▶ Exercise
Copy nothing but the lines from the one containing "pC GABA yFSz" through the last line of the entries below, exactly as written and without pictures.

Data extracted from a collection:
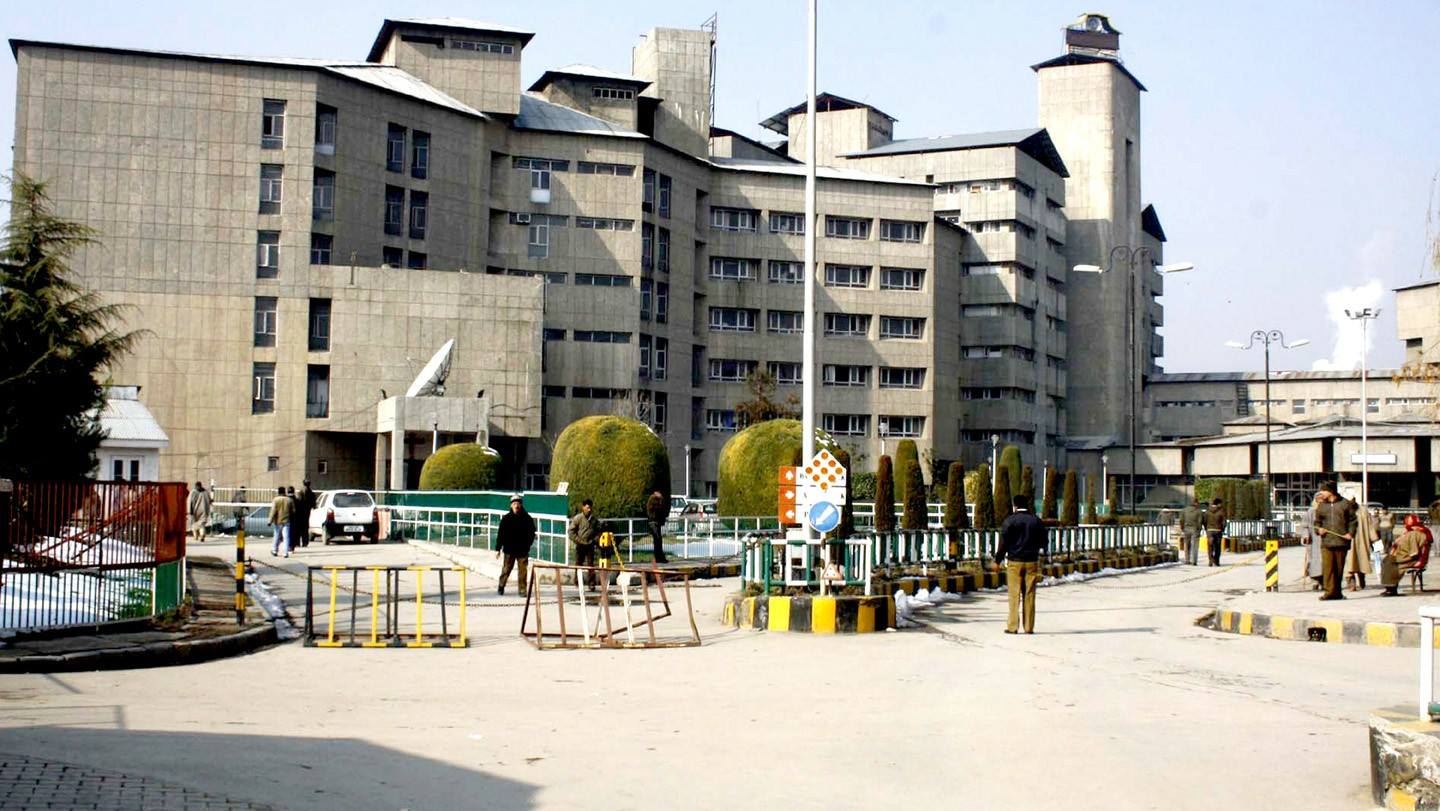 Sher-e-Kashmir Institute of Medical Sciences Soura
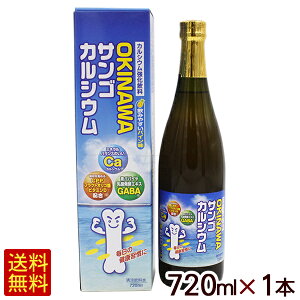 ILn OKINAWATSJVE 720ml×1{@/ JVE pC GABA yFSz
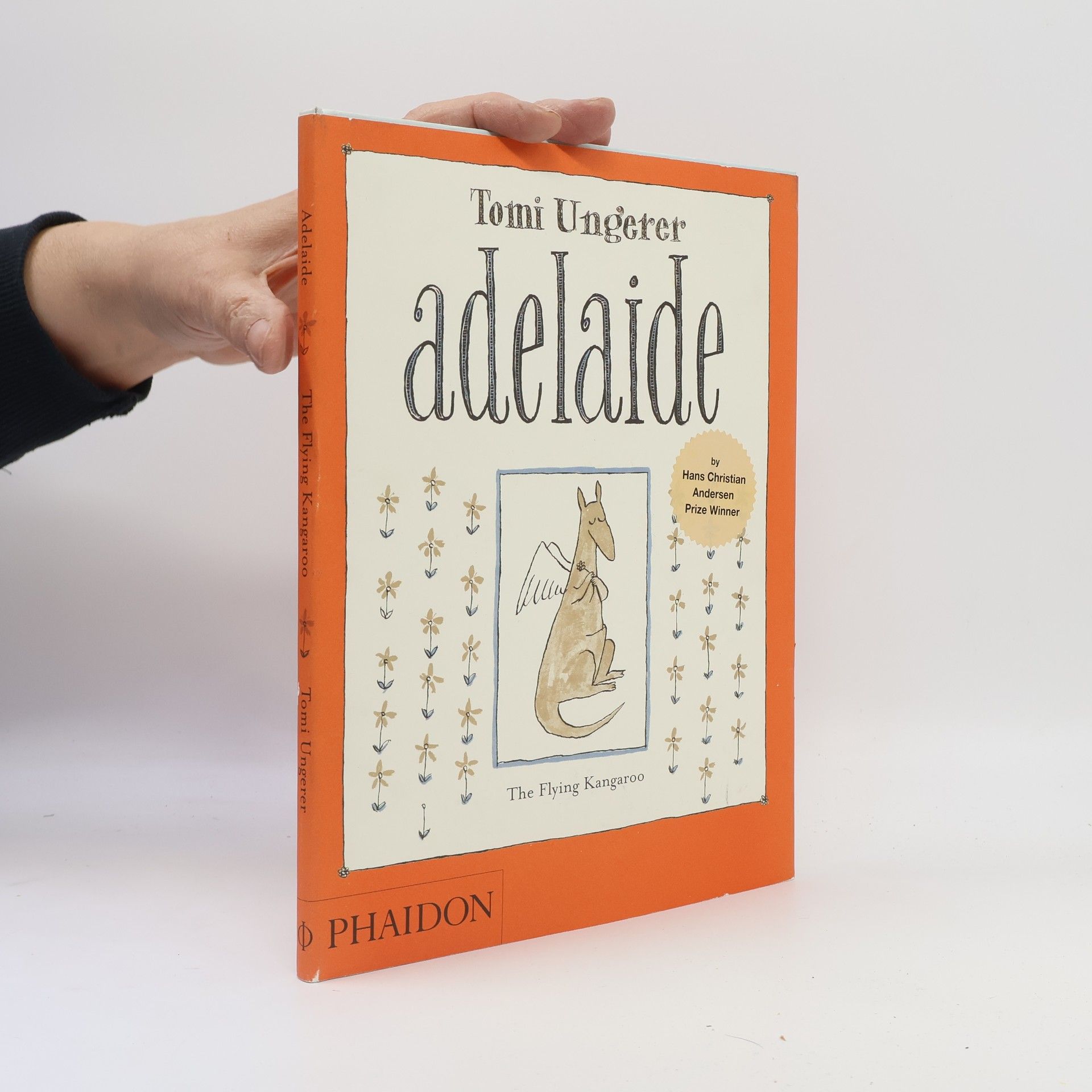 Tomi Ungerer Adelaide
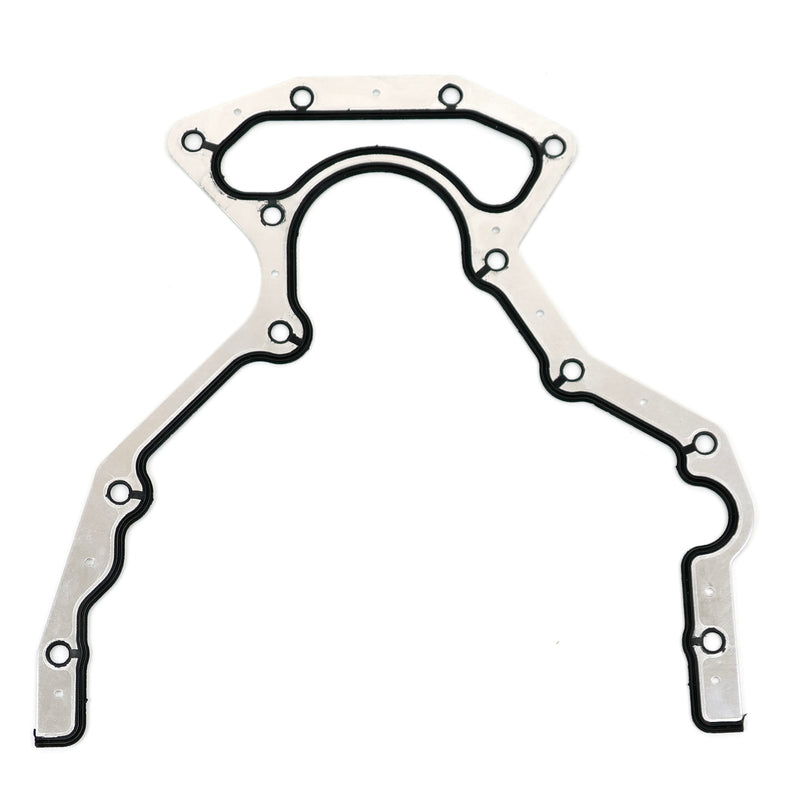 LS Rear Cover Gasket Like 12639249 for GM LS1 4.8 5.3 6.0 6.2 LM7 LQ9 LS3 LS2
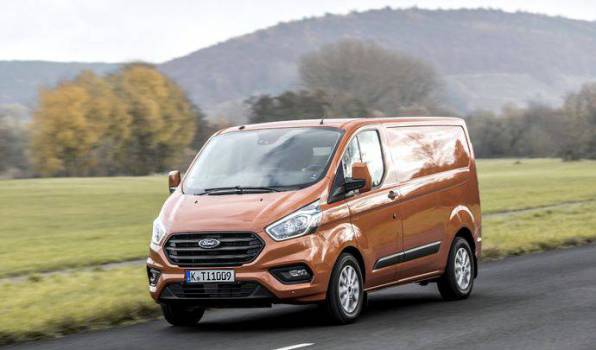 Trekhaak + kabelset Ford Transit Custom| vanaf 2016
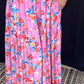 Bubble Pink Maxi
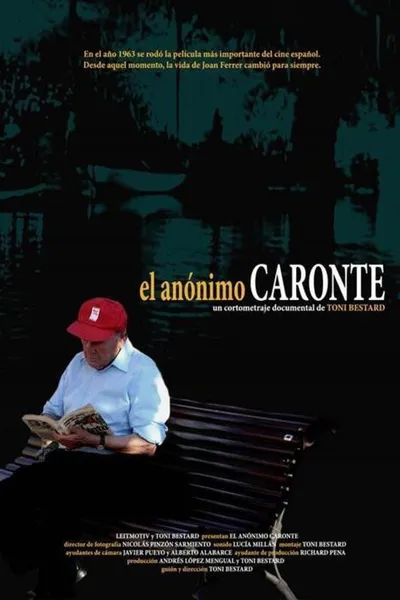 El anónimo Caronte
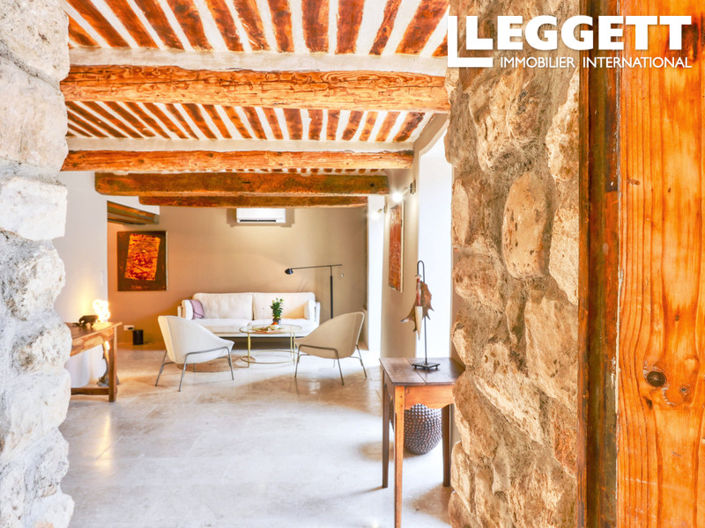 Image No.5-Maison de 5 chambres à vendre à Rustrel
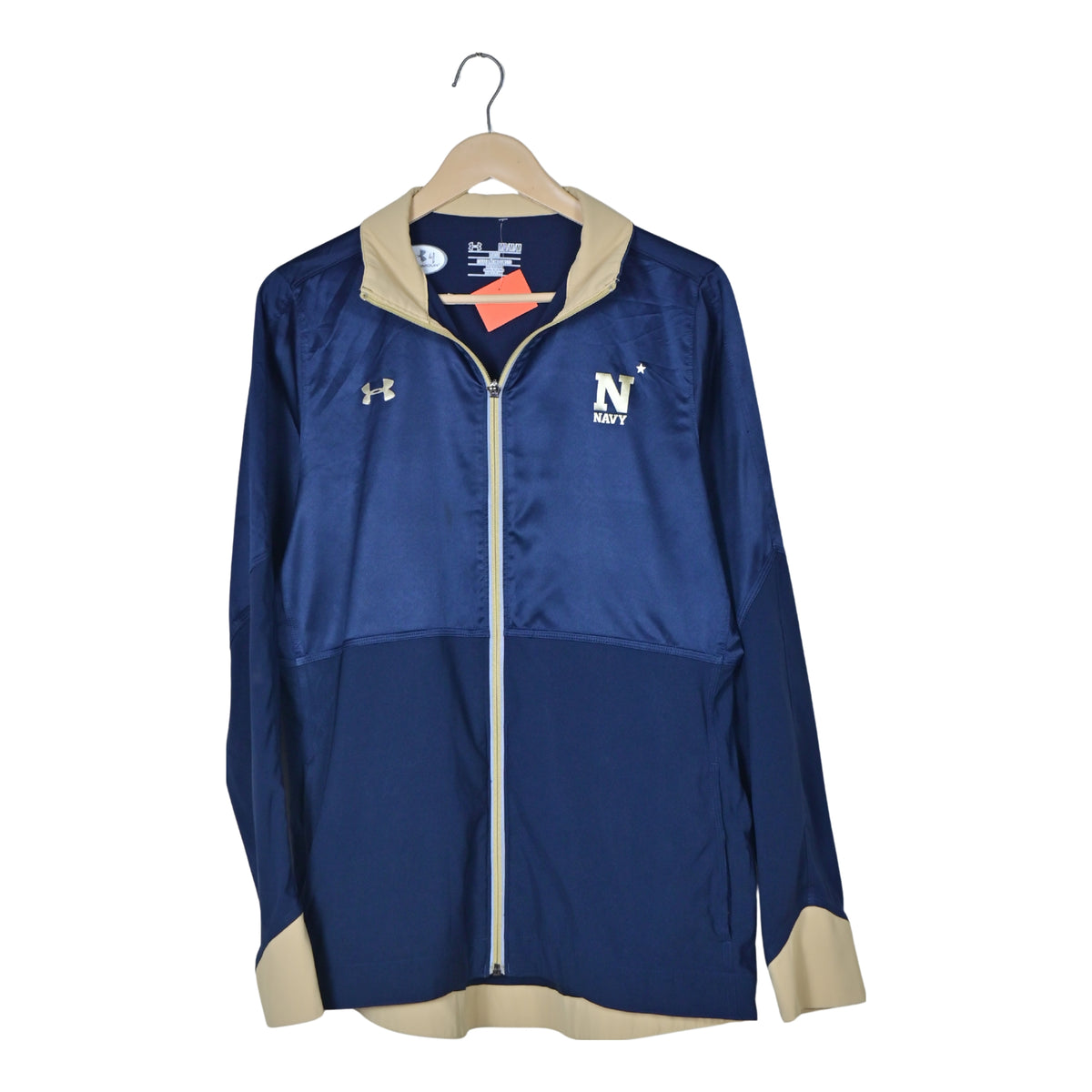 Men's Zipper Jacket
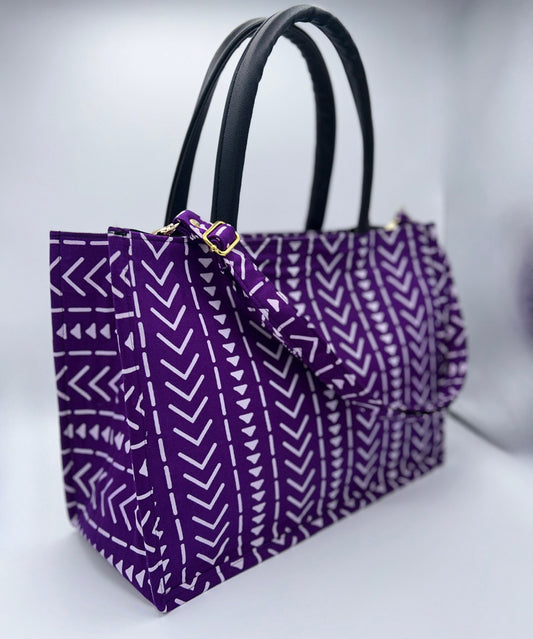 Sac cabas Massita Purple 💜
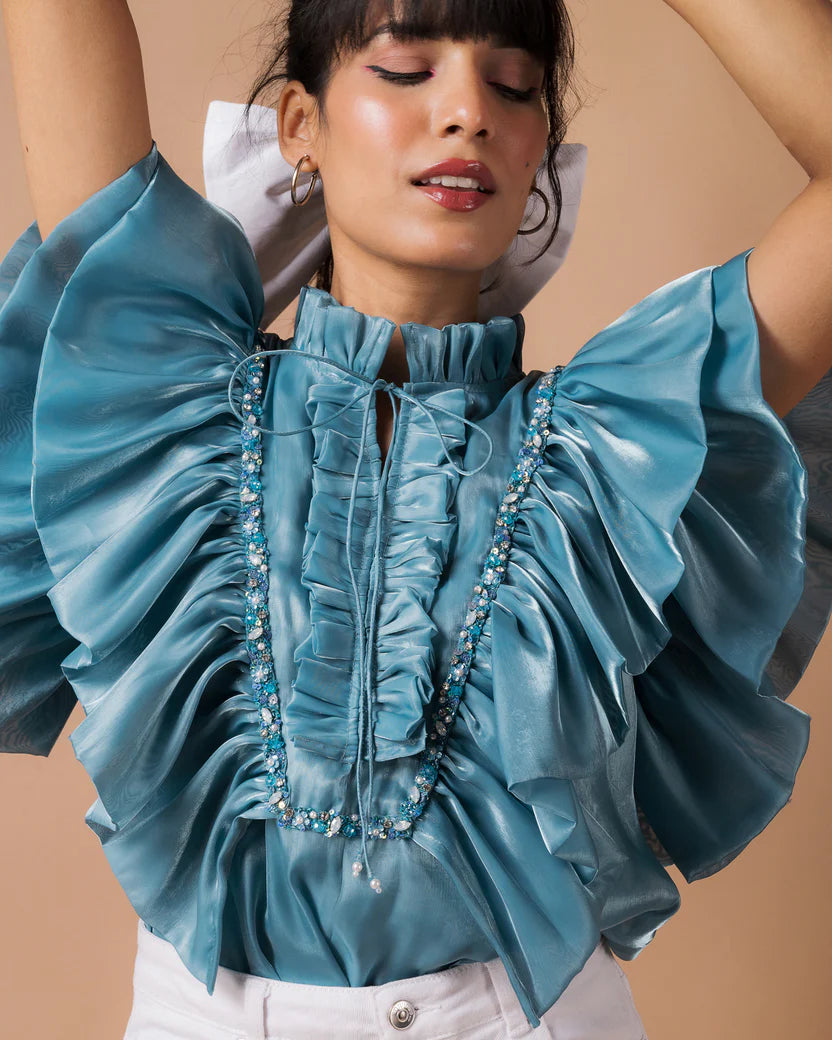 The Frill Top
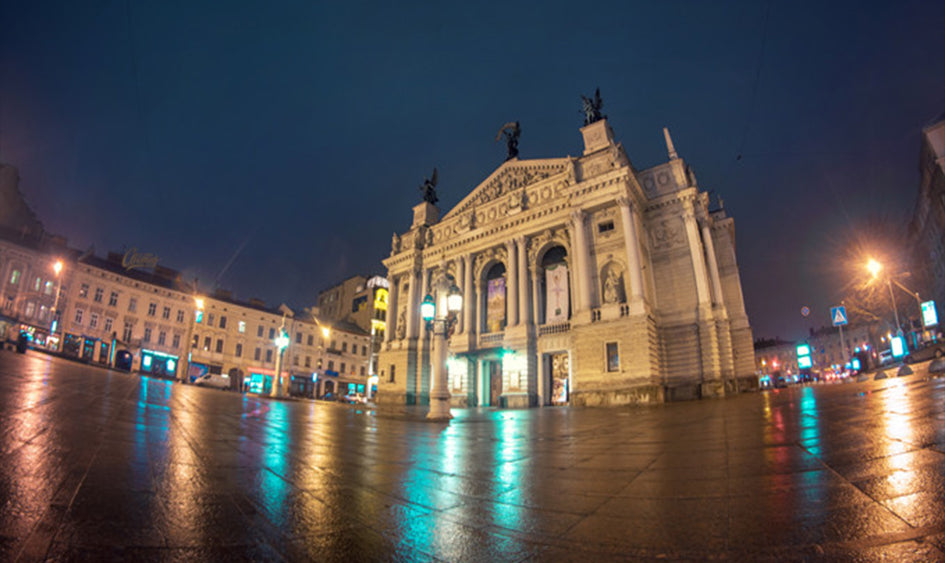 Fotografía nocturna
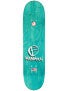Foundation Thrasher WTF White Deck 7.875 x 31
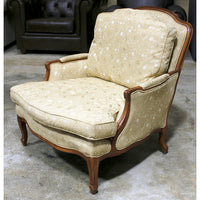 La-Z-Boy Tapestry Bergere Chair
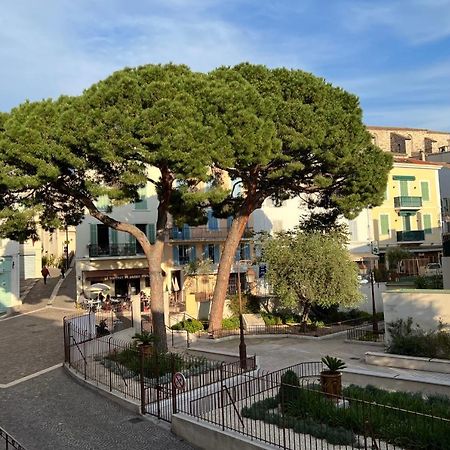 C054-Bel Appartement Lumineux Au Coeur Du Suquet Cannes Kültér fotó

▶ Response to this exercise
 ILn OKINAWATSJVE 720ml×1{@/ JVE pC GABA yFSz
 Tomi Ungerer Adelaide
 LS Rear Cover Gasket Like 12639249 for GM LS1 4.8 5.3 6.0 6.2 LM7 LQ9 LS3 LS2
 Trekhaak + kabelset Ford Transit Custom| vanaf 2016
 Bubble Pink Maxi
 El anónimo Caronte
 Image No.5-Maison de 5 chambres à vendre à Rustrel
 Men's Zipper Jacket
 Sac cabas Massita Purple 💜
 The Frill Top
 Fotografía nocturna
Foundation Thrasher WTF White Deck 7.875 x 31
 La-Z-Boy Tapestry Bergere Chair
 C054-Bel Appartement Lumineux Au Coeur Du Suquet Cannes Kültér fotó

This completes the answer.